Under appellant's argument that the terms of the lease are to be considered in the assessment of the "fair market value" of property for tax purposes, the tax liability of one who elects, as did appellant, to receive the greater part of the consideration in the early years of the lease, would be correspondingly greater during those years. Had the boards been obligated to consider "use" of the property during the first four years of the lease of appellant's property, we doubt if he would be so ardent an advocate of the argument he currently advances. If tax assessments on the same property were to fluctuate according to the varying terms of a lease, the computation of ad valorem taxes on the basis of such assessments would result in a tax penalty for one who, through business acumen or fortuity, succeeds in leasing his property for an amount in excess of its "fair market value" and a tax windfall to one who, through bad business judgment, leases far below his property's "fair market value." Such a method of evaluation would hardly produce assessments which were "fairly and justly equalized" as between taxpayers. Code Ann. § 92-6911. Taxing statutes should not be construed so as to create inequalities between taxpayers who own comparable parcels of substantially the same market value but who, for a variety of reasons, receive disproportionate incomes from the lease thereof.

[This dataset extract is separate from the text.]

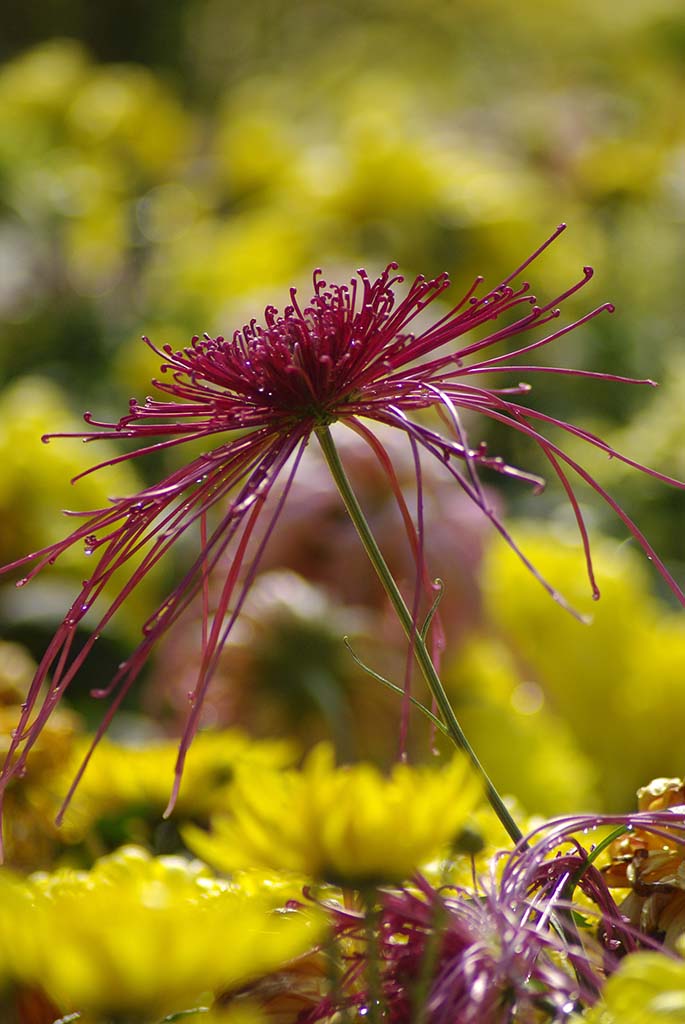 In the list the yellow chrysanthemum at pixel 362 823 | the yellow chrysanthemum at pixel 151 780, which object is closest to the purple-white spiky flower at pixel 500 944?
the yellow chrysanthemum at pixel 362 823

"Use" of the property for tax assessment purposes refers to the activity or occupation which is pursued on the property and not to the taxpayer's election as to how the fee shall be divided in pursuit of that "use" nor the income derived as the result of that election. The record here reflects that the boards considered the actual present "use" of the subject property — commercial production of timber — and made their assessments accordingly by considering it as one determinative factor, but not the exclusive factor, in finding "fair market value" of the property. There was no error. Chilivis v. Backus, 236 Ga. 88 (222 SE2d 371) (1976).

Judgments affirmed. Deen, C. J., and Shulman, J., *344 concur.